Last week The Wall Street Journal reported that the White House chief of staff’s phone was apparently “hacked” and some of her contacts received calls that could have used AI to imitate her voice.
Leaving aside the natural distrust you may feel for politicians and celebrities when they claim “their phones are hacked,” there is no question that faking voice and video is now almost trivial. I have had several phone conversations with AI sales bots that were almost indistinguishable from humans.
Here is a video+voice generated from a text prompt to Google Veo3.
Just for fun, here is another.
There have been other more sensational stories of deep fakes. The most cited is from this February. “Finance worker pays out $25 million after video call with deepfake ‘chief financial officer”. I am not sure I believe that one but you can imagine it working since there are plenty of scams that people fall for with just email.
The threat is giving rise to many approaches to counter deep fakes. A quick search of dashboard.it-harvest.com reveals 28 products from 21 vendors.
Here is a link to a Google Sheet listing them.
Of the pure-play deef fake defense companies Reality Defender is leading with significant headcount growth and funding. Note they are a Cyber 150 company.
Another pure-play is Cyabra, about the same size as Reality Defender but one fourth the funding level to-date.
Outside of pure-play deep fake detection are identity verification providers that were already working on the problem of fake identities for fraud prevention. They are well positioned in this space. Pindrop, Yotim and Incode are all great examples of this. They are all much bigger than the startups.

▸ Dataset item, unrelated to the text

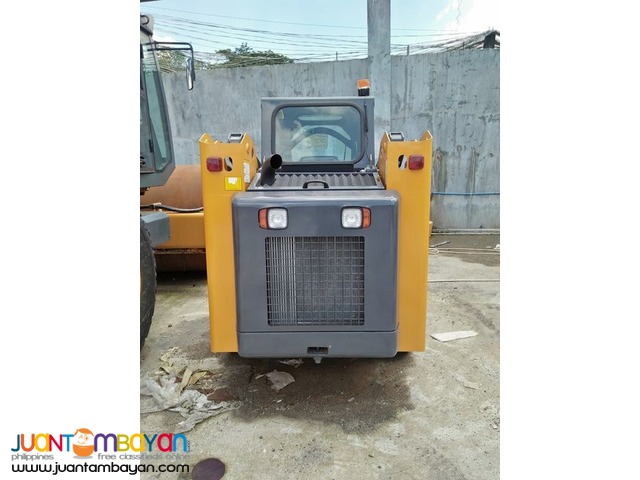 CDM307 Lonking Skid Loader 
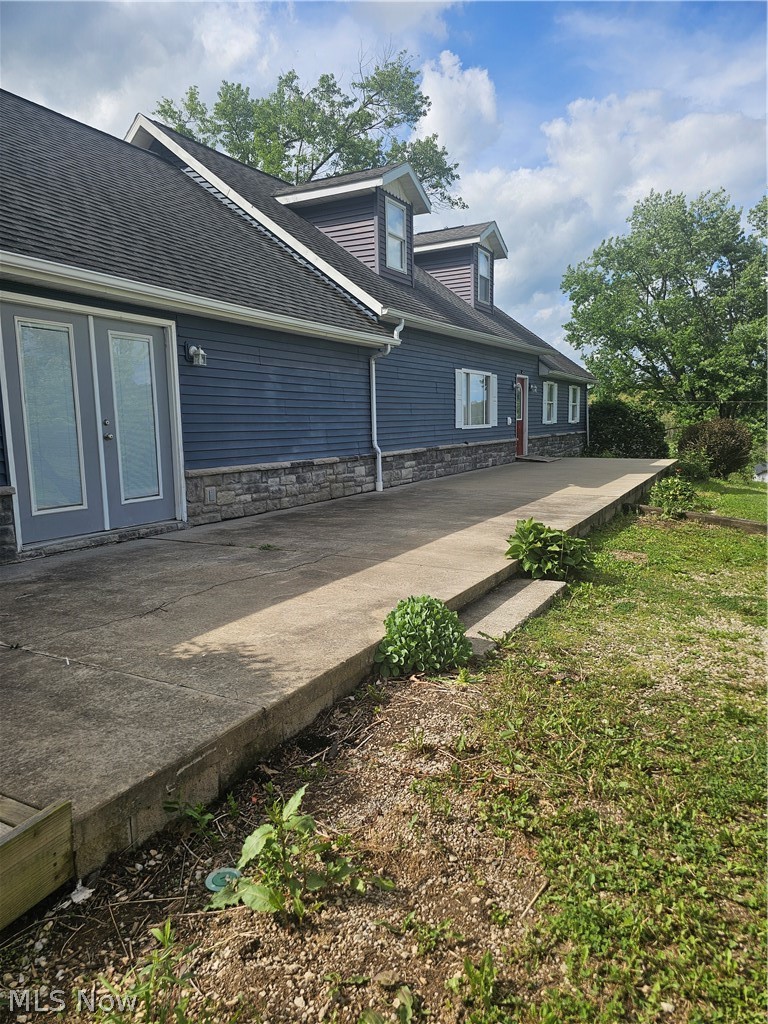 6999 W Buckrun Road NW Malta OH 43758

There is no question that deep fakes are a real and present danger and this market will grow dramatically. The identity verfication vendors may have to acquire the pure-plays. The large platform vendors (looking at you Twitter, Facebook, etc.) will have to deploy technology to identify deep fakes and they may acquire one of these vendors too.
The intersection of a deep fake with the "remote IT worker" scams could be a serious threat. Today, foreign actors create fake resumes at job sites and have begun to pay parties to do zoom interviews. The parties follow a script or are instructed how to respond in real time. Is it a stretch to imagine an AI agent in this role?